Audi has created a new business unit called Artemis to bring electric vehicles equipped with highly automated driving systems and other tech to market faster — the latest bid by the German automaker to become more agile and competitive.
The traditional automotive industry, where the design to start of production cycle might take five to seven years, has been grappling with how to bring new and innovative products to market more quickly to meet consumers’ fickle demands. The model is more akin to how Tesla or a consumer electronics company operates.
The first project under Artemis will be to “develop a pioneering model for Audi quickly and unbureaucratically,” Audi AG CEO Markus Duesmann said in a statement Friday. The unit is aiming to design and produce what Audi describes as a “highly efficient electric car” as early as 2024.

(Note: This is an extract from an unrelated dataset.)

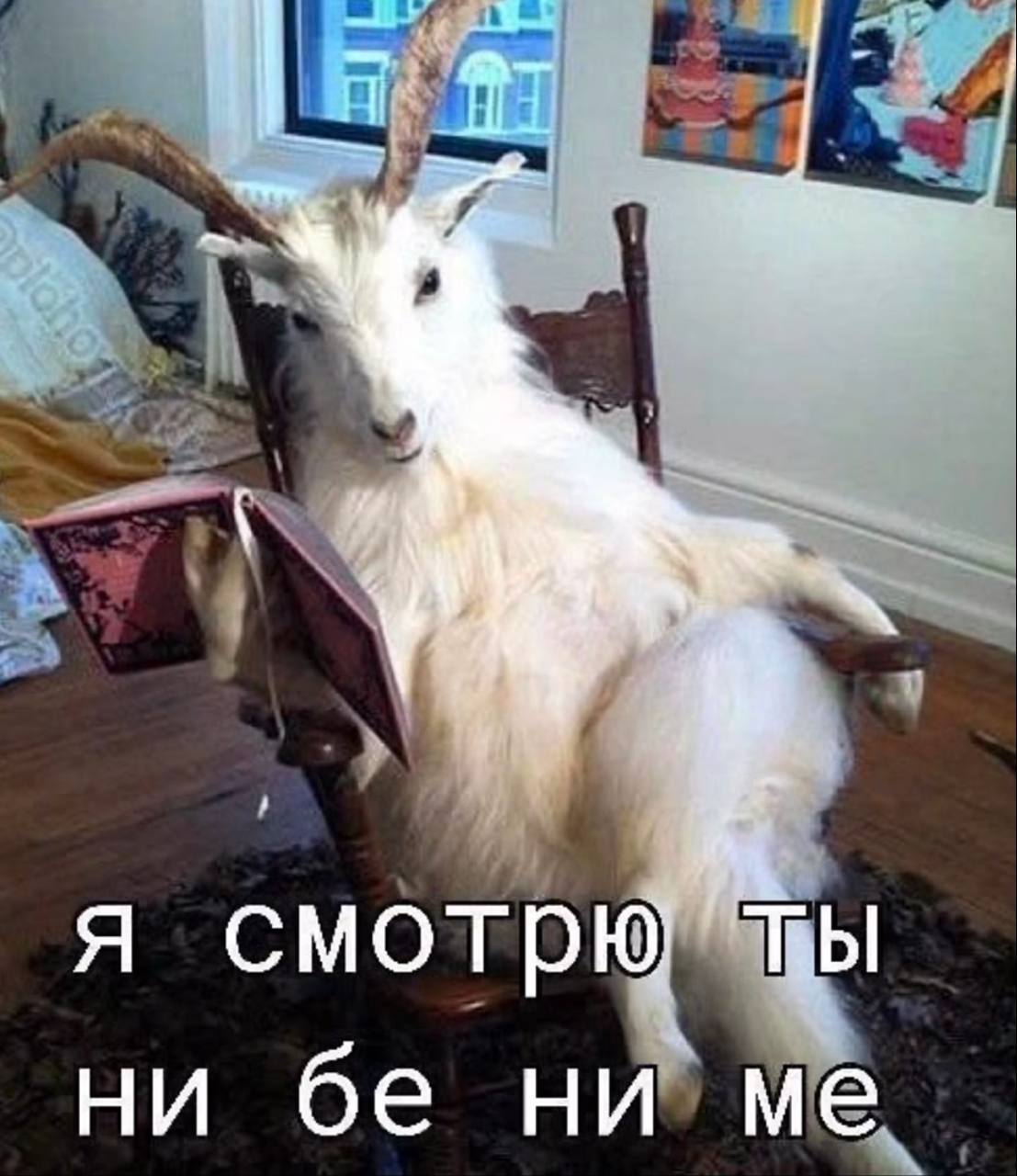 A смотрю ни ни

Artemis will be led by Alex Hitzinger, who was in charge of Audi’s Autonomous Intelligent Driving, the self-driving subsidiary that was launched just in 2017 to develop autonomous vehicle technology for the VW Group. AID was absorbed into the European headquarters of Argo AI, a move that was made after VW invested $2.6 billion in capital and assets into the self-driving startup.

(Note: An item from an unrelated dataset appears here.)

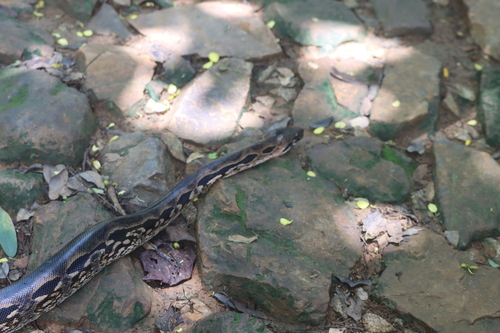 Madagascar Ground Boa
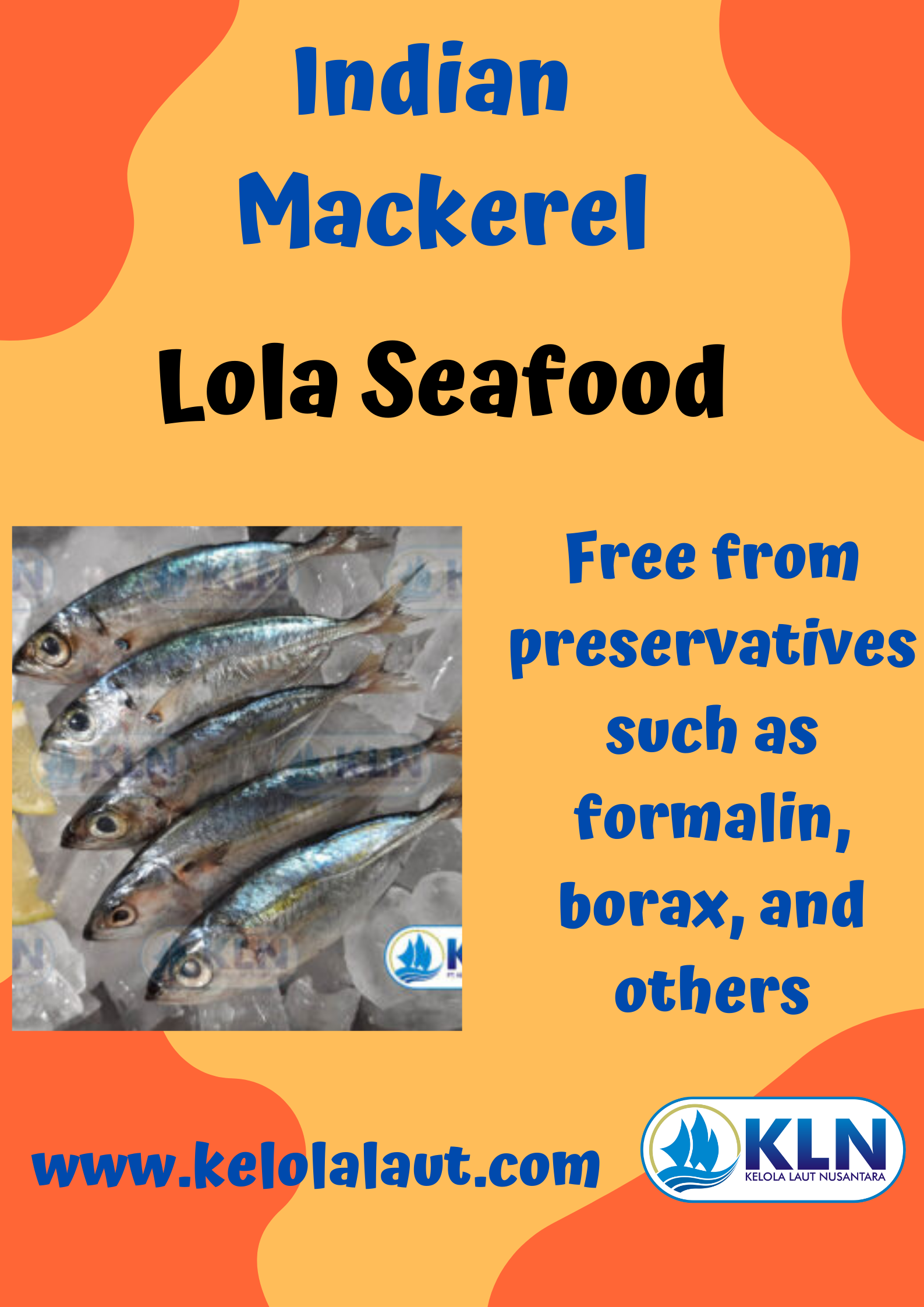 Indian Mackerel is free from preservatives such as formalin, borax, and others.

Hitzinger, who takes the new position beginning June 1, will report directly to Duesmann. Artemis will be based at the company’s tech hub of its INCampus in Ingolstadt, Germany.
Artemis is under the Audi banner. However, the aim is for this group’s work to benefit brands under its parent company VW Group. Hitzinger and the rest of his team will have access to resources and technologies within the entire Volkswagen Group. For instance, Car.Software, an independent business unit under the VW Group, will provide digital services to Artemis. The upshot: to create a blueprint that will make VW Group a more agile automaker able to bring new and technologically advanced vehicles to market more quickly.
VW Group plans to produce and sell 75 electric vehicle models across its brands by 2029, a group that includes VW passenger cars and Audi. The creation of Artemis hasn’t changed Audi’s plans to produce 20 new all-electric vehicles and 10 new plug-in hybrids by 2025.
“The obvious question was how we could implement additional high-tech benchmarks without jeopardizing the manageability of existing projects, and at the same time utilize new opportunities in the markets,” Duesmann said.